Troubleshooting problems in Db2
The topics about troubleshooting Db2 problems provide a variety of information that can help you when you have problems associated with the Db2 for z/OS® product. IBM® Support personnel might ask you to refer to troubleshooting information when they help you with a specific problem.
Troubleshooting is a systematic approach to solving a problem. The goal of troubleshooting is to determine why something does not work as expected and how to resolve the problem.
- Most of the information from the Db2 Diagnosis Guide and Reference is now available without restriction in Troubleshooting problems in Db2 (this section) in the Db2 product documentation, or as down-loadable the PDF manual: Troubleshooting for Db2.
- The remaining information is available only for customers who have an Db2 12 for z/OS license associated with their IBMid. See Db2 12 for z/OS Licensed Diagnosis Information.
- What are the symptoms of the problem?
- Where does the problem occur?
- When does the problem occur?
- Under which conditions does the problem occur?
- Can the problem be reproduced?
The answers to these questions typically lead to a good description of the problem, which can then lead you a problem resolution.
What are the symptoms of the problem?
- Who, or what, is reporting the problem?
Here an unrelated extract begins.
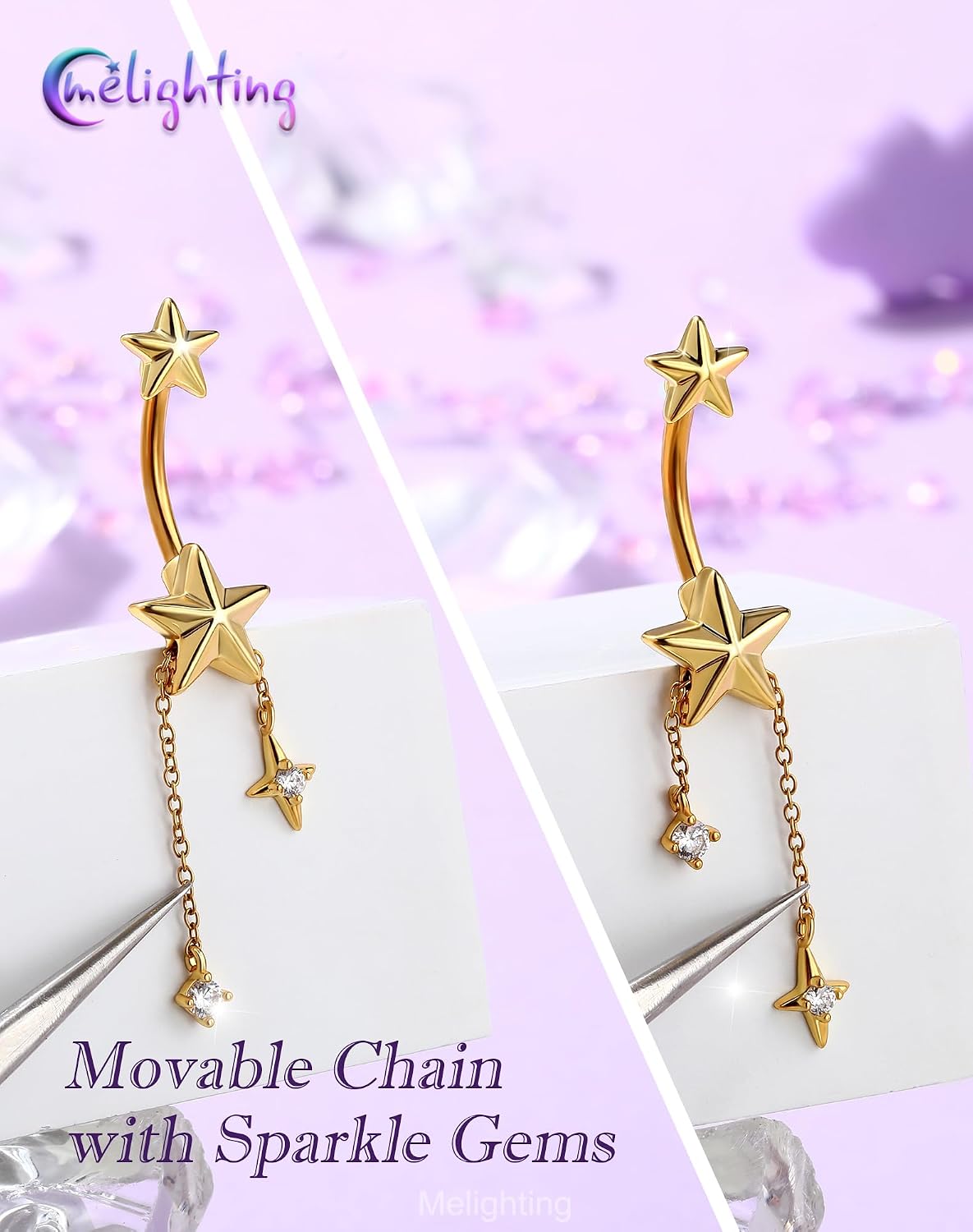 Melighting 14G Gold Belly Button Ring Dangle Chain, 10 mm Stainless Steel Belly Piercing Jewelry with CZ Heart Star Design, Cute Silver Navel Ring for Beach Daily Wear Women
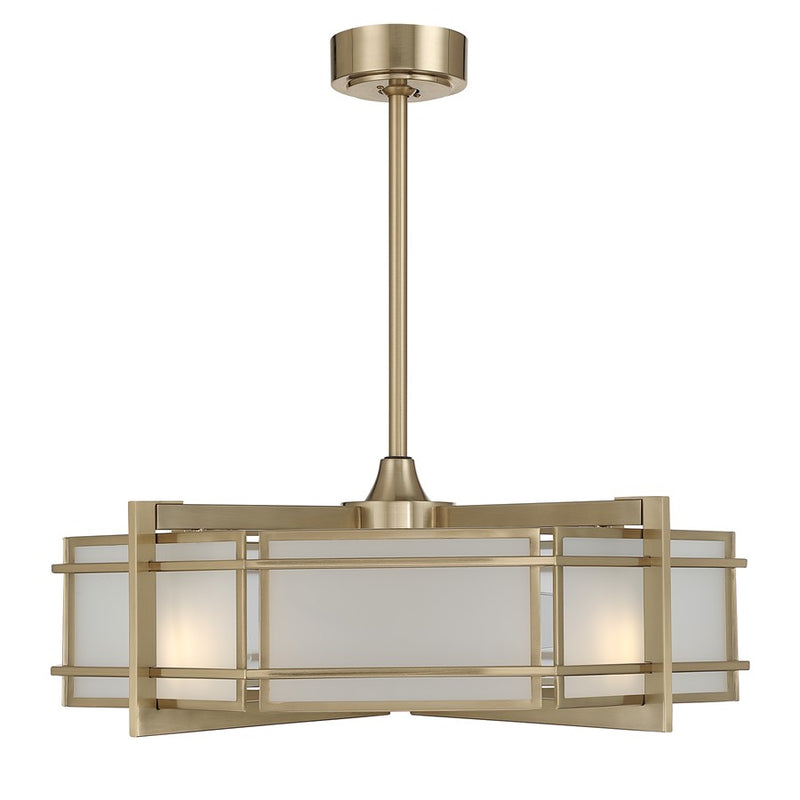 Savoy House Canterbury 4Lt Ceiling Fan, Fan D'Lier, Noble Brass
- What are the error codes and messages?
- How does the system fail? For example, is it a loop, hang, crash, performance degradation, or incorrect result?
Where does the problem occur?
Determining where the problem originates is not always easy, but it is one of the most important steps in resolving a problem. Many layers of technology can exist between the reporting and failing components. Networks, disks, and drivers are only a few of the components to consider when you are investigating problems.
- Is the problem specific to one platform or operating system, or is it common across multiple platforms or operating systems?
- Is the current environment and configuration supported?
If one layer reports the problem, the problem does not necessarily originate in that layer. Part of identifying where a problem originates is understanding the environment in which it exists. Take some time to completely describe the problem environment, including the operating system and version, all corresponding software and versions, and hardware information. Confirm that you are running within an environment that is a supported configuration; many problems can be traced back to incompatible levels of software that are not intended to run together or have not been fully tested together.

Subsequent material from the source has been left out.